Please restate exactly the lines of the data below, beginning with the line containing "आज राति १२ बजेदेखि" and ending with the last line.

Data items
== Segment start ==

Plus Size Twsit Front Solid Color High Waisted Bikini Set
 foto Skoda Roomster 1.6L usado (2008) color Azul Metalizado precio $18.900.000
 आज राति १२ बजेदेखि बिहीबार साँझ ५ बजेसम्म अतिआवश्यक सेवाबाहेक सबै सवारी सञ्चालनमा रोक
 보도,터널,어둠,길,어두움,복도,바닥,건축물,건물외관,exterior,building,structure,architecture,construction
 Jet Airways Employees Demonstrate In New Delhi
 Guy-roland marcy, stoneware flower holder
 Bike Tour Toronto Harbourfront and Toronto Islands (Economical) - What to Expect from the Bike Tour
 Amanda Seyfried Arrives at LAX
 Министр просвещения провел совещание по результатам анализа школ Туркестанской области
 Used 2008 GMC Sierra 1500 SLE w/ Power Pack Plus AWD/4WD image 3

== Segment end ==

Solution to the problem
 आज राति १२ बजेदेखि बिहीबार साँझ ५ बजेसम्म अतिआवश्यक सेवाबाहेक सबै सवारी सञ्चालनमा रोक
 보도,터널,어둠,길,어두움,복도,바닥,건축물,건물외관,exterior,building,structure,architecture,construction
 Jet Airways Employees Demonstrate In New Delhi
 Guy-roland marcy, stoneware flower holder
 Bike Tour Toronto Harbourfront and Toronto Islands (Economical) - What to Expect from the Bike Tour
 Amanda Seyfried Arrives at LAX
 Министр просвещения провел совещание по результатам анализа школ Туркестанской области
 Used 2008 GMC Sierra 1500 SLE w/ Power Pack Plus AWD/4WD image 3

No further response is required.